Hervás ha declarado como testigo en el juicio de la 'Operación Kitchen', en el que se analiza el supuesto dispositivo policial impulsado desde el Ministerio del Interior del Gobierno de Mariano Rajoy para sustraer información comprometida al extesorero del PP. En esta causa se sientan en el banquillo, entre otros, el exministro del Interior Jorge Fernández Díaz, su antiguo secretario de Estado Francisco Martínez, el comisario jubilado José Manuel Villarejo y el propio Pino.
El mando policial ha relatado que tuvo noticia de esos seguimientos en julio de 2013, a su regreso de unas vacaciones, cuando se encontró “un servicio” policial en Madrid vinculado a labores de vigilancia. Ha señalado que fue el entonces comisario jefe de la UCAO, Enrique García Castaño, quien le explicó que se trataba de “un servicio rutinario” consistente en “seguir” a Bárcenas y a su esposa.
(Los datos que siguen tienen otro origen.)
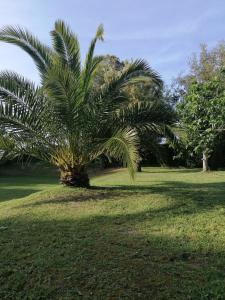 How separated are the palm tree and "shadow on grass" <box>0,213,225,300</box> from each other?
2814 millimetres

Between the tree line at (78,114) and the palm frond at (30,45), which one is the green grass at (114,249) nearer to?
the tree line at (78,114)

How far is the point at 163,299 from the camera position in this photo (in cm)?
407

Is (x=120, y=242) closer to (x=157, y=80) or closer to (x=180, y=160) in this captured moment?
(x=157, y=80)

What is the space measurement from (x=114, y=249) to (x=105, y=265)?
1.93 ft

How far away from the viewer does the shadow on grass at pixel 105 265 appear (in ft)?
14.1

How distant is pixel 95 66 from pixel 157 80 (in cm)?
177

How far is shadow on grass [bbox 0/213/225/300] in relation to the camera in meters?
4.30

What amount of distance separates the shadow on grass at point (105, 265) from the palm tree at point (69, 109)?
2.81 m

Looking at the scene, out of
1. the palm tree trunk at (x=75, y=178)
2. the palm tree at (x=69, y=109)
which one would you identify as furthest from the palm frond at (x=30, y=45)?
the palm tree trunk at (x=75, y=178)

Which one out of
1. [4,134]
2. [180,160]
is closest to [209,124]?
[4,134]

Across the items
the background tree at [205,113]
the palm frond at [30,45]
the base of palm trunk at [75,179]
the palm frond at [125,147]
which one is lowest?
the base of palm trunk at [75,179]

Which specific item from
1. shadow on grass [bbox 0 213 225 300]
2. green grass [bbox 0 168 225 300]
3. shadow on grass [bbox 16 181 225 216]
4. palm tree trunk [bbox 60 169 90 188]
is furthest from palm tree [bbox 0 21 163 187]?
shadow on grass [bbox 0 213 225 300]

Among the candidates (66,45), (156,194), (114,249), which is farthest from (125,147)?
(66,45)

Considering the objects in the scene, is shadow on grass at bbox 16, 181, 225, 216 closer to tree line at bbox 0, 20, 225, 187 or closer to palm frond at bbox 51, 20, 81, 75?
tree line at bbox 0, 20, 225, 187
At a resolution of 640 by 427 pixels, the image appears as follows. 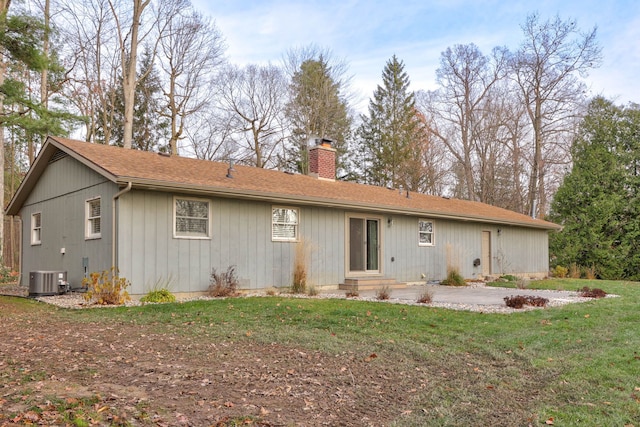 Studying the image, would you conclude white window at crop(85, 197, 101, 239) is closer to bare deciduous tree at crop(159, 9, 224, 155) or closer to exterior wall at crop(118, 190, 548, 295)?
exterior wall at crop(118, 190, 548, 295)

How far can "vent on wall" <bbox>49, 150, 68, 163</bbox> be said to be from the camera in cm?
1206

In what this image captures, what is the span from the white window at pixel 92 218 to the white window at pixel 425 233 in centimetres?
906

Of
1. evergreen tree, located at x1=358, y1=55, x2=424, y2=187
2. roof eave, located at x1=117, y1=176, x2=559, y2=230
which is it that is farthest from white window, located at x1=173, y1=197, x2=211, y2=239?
evergreen tree, located at x1=358, y1=55, x2=424, y2=187

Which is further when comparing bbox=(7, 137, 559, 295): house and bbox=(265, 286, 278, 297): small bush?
bbox=(265, 286, 278, 297): small bush

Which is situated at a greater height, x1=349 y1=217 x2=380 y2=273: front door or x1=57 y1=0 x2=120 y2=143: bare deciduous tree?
x1=57 y1=0 x2=120 y2=143: bare deciduous tree

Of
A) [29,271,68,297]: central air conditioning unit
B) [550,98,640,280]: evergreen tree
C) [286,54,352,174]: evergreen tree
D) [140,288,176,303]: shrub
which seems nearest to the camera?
[140,288,176,303]: shrub

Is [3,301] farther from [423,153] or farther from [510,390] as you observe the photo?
[423,153]

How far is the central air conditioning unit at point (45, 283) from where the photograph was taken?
10.2 metres

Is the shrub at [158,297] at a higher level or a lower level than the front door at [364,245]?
lower

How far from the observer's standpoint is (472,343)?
5.88m

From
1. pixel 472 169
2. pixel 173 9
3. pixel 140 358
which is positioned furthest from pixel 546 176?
pixel 140 358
Vigilancias complejas y búsqueda del dinero
Interrogado por el fiscal, Hervás ha asegurado que la participación de la UCAO en esos seguimientos obedeció a “una orden directa del director adjunto operativo” y que el dispositivo presentaba “una problemática grave” por la “cantidad de gente” que se situaba “alrededor” de Rosalía Iglesias, lo que dificultaba los movimientos.
Esa circunstancia hacía que la labor de vigilancia fuera “un poco complejo”, ha admitido. “La complejidad era montar vigilancias con tanta prensa alrededor”, ha añadido ante el tribunal.
Según su versión, García Castaño le trasladó que el origen de la orden de vigilancia estaba en las dificultades de los investigadores, que “tenían problemas a la hora de encontrar el dinero” de Luis Bárcenas, quien contaría con “muchos millones” de euros, “testaferros” y “posibles locales” donde ocultar fondos.
Hervás ha indicado que asumió “las riendas de las investigaciones” cuando García Castaño se marchó de vacaciones, y que las vigilancias concluyeron por orden del jefe de la UCAO después de que uno de los agentes fuera descubierto durante el operativo.
“Hubo una bronca muy grande al responsable del área especial de seguimiento por una mala praxis de un funcionario, por eso se levantó”, ha resumido el comisario ante la Sala.
Sin órdenes de Villarejo y papel del chófer
El testigo ha subrayado que nunca mantuvo conversaciones con Villarejo sobre estas vigilancias ni recibió indicaciones suyas en relación con esos seguimientos, y ha afirmado que desconoce si el propósito último del dispositivo era ofrecer protección a la familia Bárcenas.
Posteriormente ha declarado el comisario Francisco González, que en 2013 ocupaba la jefatura del Área Especial de Seguimientos. González ha corroborado que García Castaño le “confesó” que Sergio Ríos, chófer de Bárcenas, “colaboraba con el dispositivo” de seguimientos.
El agente ha relatado que la esposa de Bárcenas advirtió que estaba siendo seguida porque “un policía cruzó por un sitio inadecuado” y ella lo vio, tras lo cual entró en una “farmacia” y la trabajadora del establecimiento llamó al 091 para avisar de que alguien “le estaba siguiendo”. A partir de ese momento, ha explicado, se dio por concluida la vigilancia porque ya no tenía “ningún sentido seguir”.
Antes que ellos ha prestado testimonio el comisario Enrique Barón, máximo responsable en 2013 de la Comisaría General de Información (CGI) de la Policía Nacional, de la que depende orgánicamente la UCAO. Barón ha asegurado que no tuvo “ningún conocimiento” de las vigilancias desplegadas sobre el entorno de Bárcenas.